Ia menegaskan, konservasi tidak hanya soal pelepasliaran, melainkan tentang menjaga keberlanjutan habitat alami orangutan yang terus tergerus. “Ini bukan sekadar perayaan, tapi sekaligus alarm bahwa kita harus bekerja lebih keras menjaga ekosistem,” ujarnya.
Raja Antoni mengungkapkan bahwa pelestarian satwa liar kini harus berjalan seiring dengan pembangunan dan peningkatan kesejahteraan masyarakat. Tiga pilar utama—kelestarian hutan, pembangunan ekonomi, dan kesejahteraan rakyat—menurutnya harus dikelola secara berimbang, bukan saling mengorbankan.
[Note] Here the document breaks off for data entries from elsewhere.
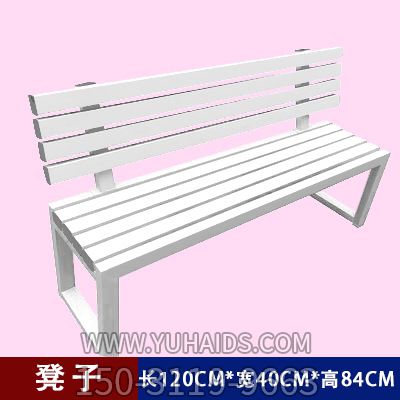 椅子雕塑-公園不銹鋼噴漆烤漆白色長椅雕塑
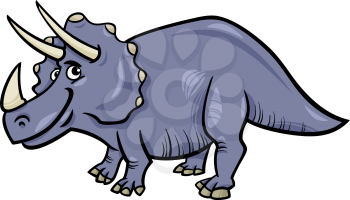 Cartoon Illustration of Triceratops Prehistoric Dinosaur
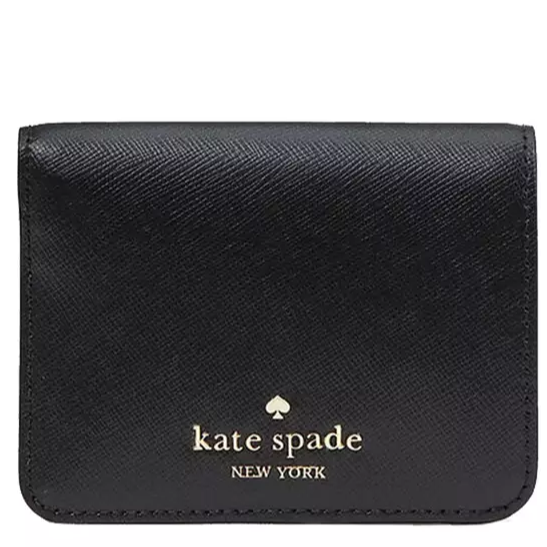 KATE SPADE MADISON SAFFIANO LEATHER SMALL BIFOLD WALLET BLACK KC581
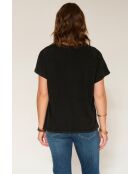 Talyssa schwarzes Baumwoll-T-Shirt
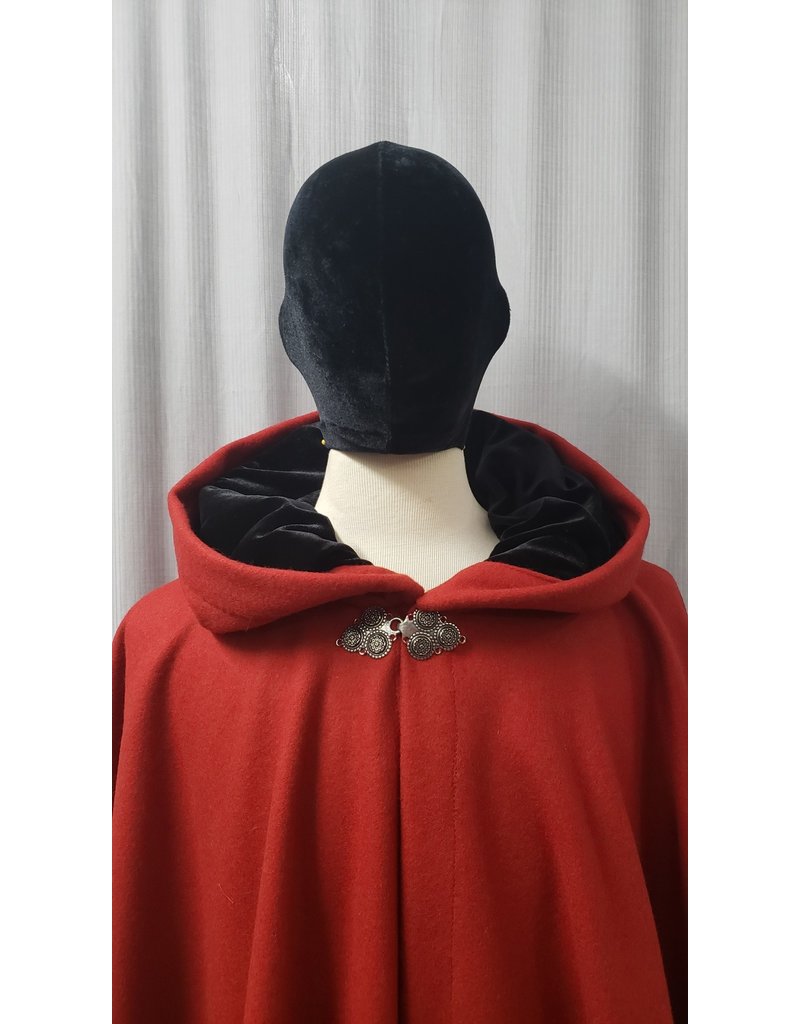 Cloakmakers.com 4843 - Extra Long Madder Red Wool Winter Cloak, Black Hood Lining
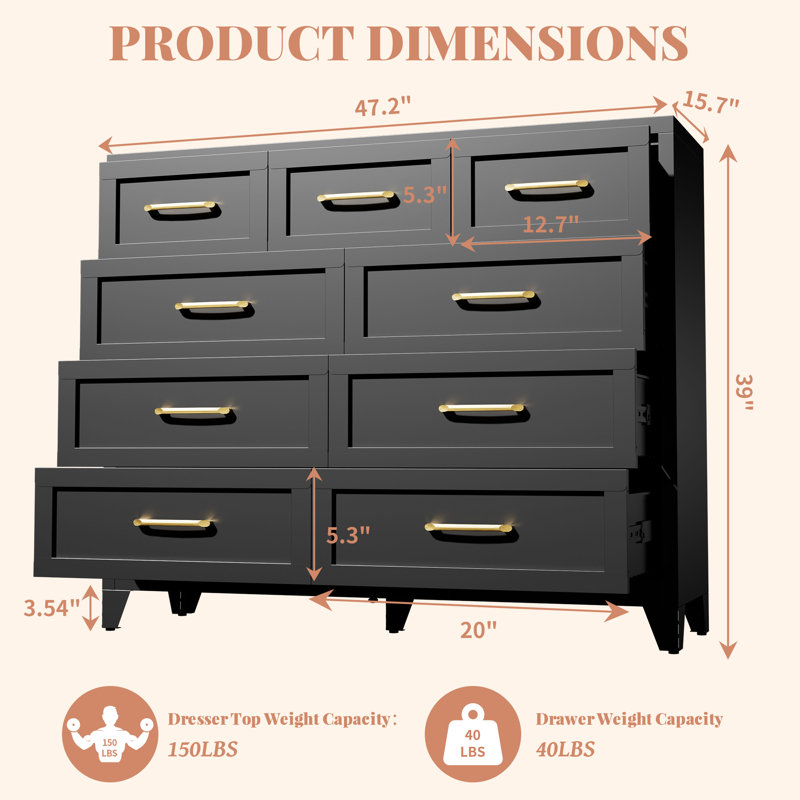 Commode 9 tiroirs en métal Bizoe, commode en acier pour salon, couloir, chambre à coucher, Black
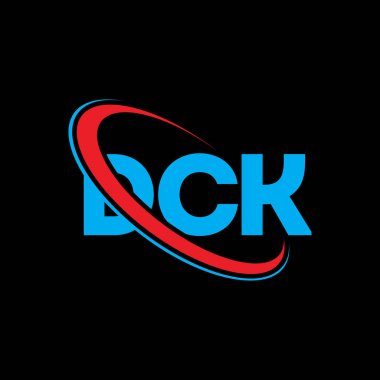 DCK logosu. DCK mektubu. DCK harf logosu tasarımı. Çember ve büyük harfli monogram logosuna bağlı baş harfler DCK logosu. Teknoloji, iş ve emlak markası için DCK tipografisi.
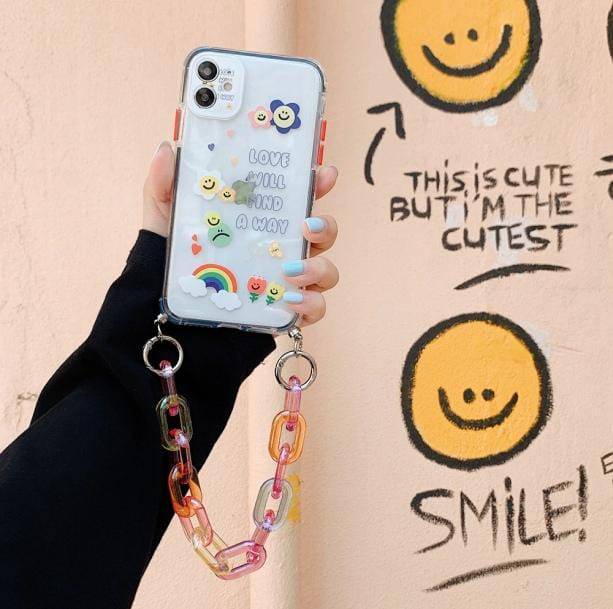 Transparent IPhone Case With Chain - All Things Rainbow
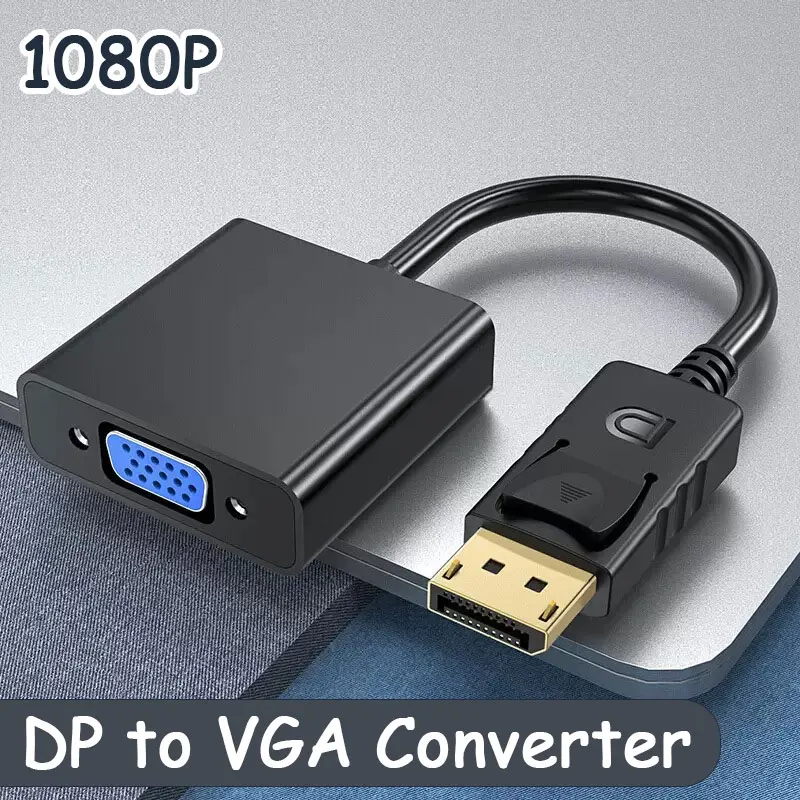 อะแดปเตอร์ DP เป็น VGA Full HD 1080P สายแปลง DP เป็น VGA หัว DP ตัวผู้ เป็น VGA ตัวเมีย สำหรับแท็บเล็ต แล็ปท็อป พีซี และทีวี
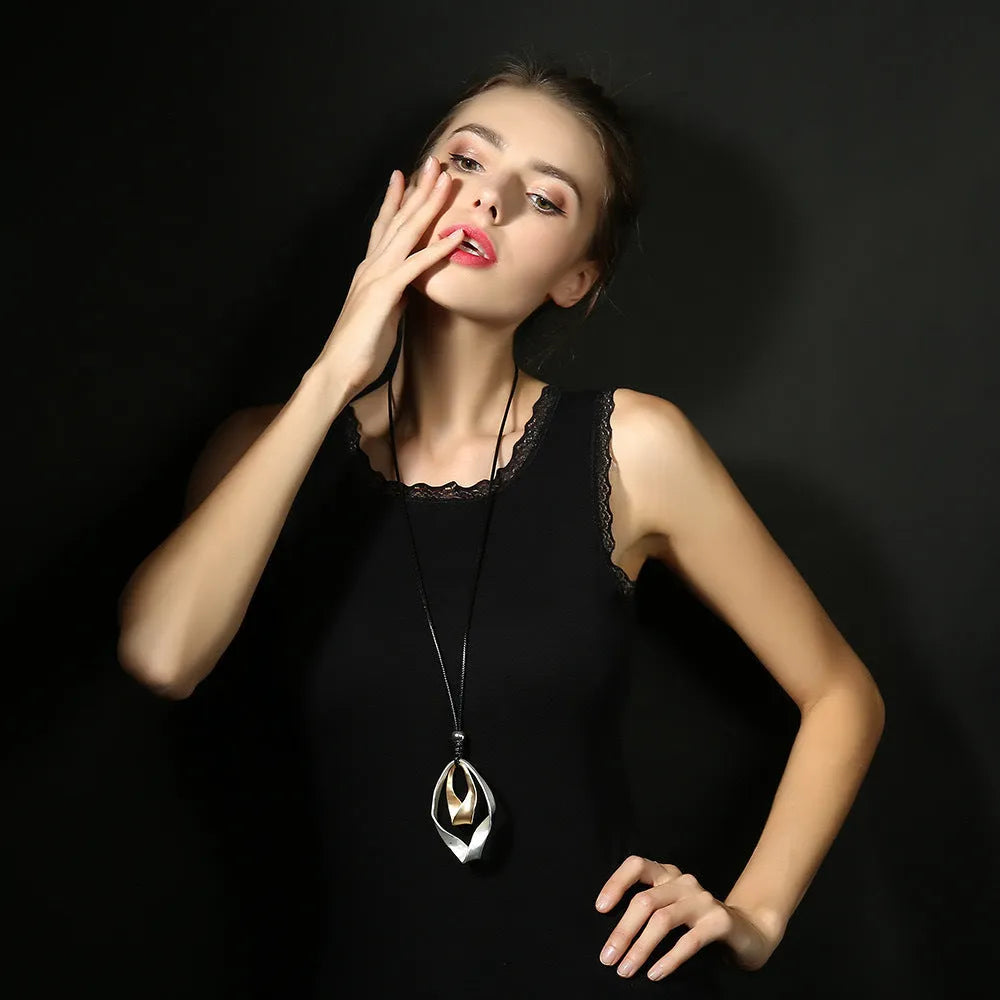 Geometric exaggerated triangle pendant necklace women alloy electroplated silver gold microfiber chain bohemian style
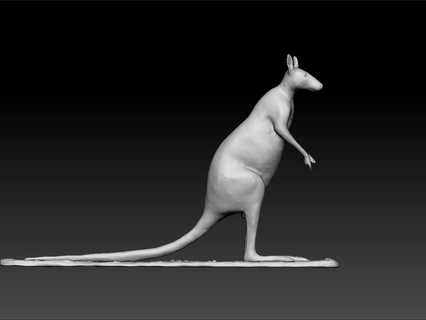 kangaroo Art on desk test model amazing animal royal beauty beautiful best shiny royality 3d print model - Mito3D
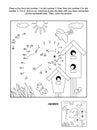 Dot-to-dot and coloring page with birds and birdhouses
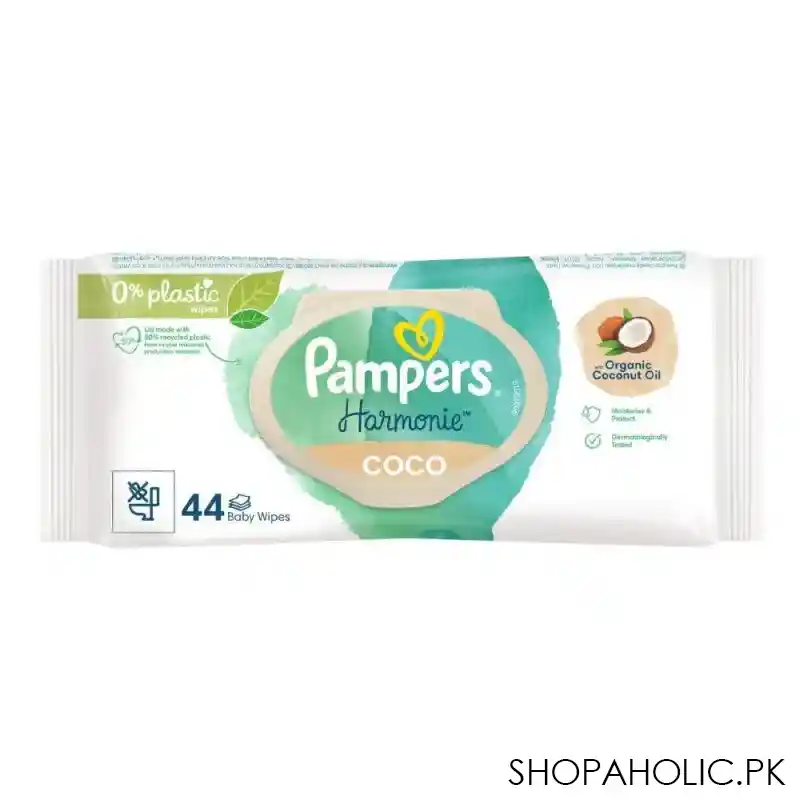 pampers hamonie coco baby wipes, 44 pack main image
“Pelepasan kawasan hutan harus dilakukan dengan standar ketat. Kita tidak bisa sembarangan merusak atas nama pembangunan,” tandasnya.
Ia juga menekankan pentingnya sinergi antara pemerintah pusat, daerah, lembaga konservasi, dan sektor swasta. “Kolaborasi menjadi kunci. Tanpa itu, hutan akan hilang, dan bersama dengan itu, hilang pula warisan alam bagi generasi mendatang,” ucapnya.
Pelepasliaran ini menjadi bagian dari upaya jangka panjang rehabilitasi orangutan oleh BOSF dan mitra-mitranya, yang selama bertahun-tahun merawat satwa-satwa korban perburuan, perdagangan ilegal, maupun konflik dengan manusia akibat deforestasi.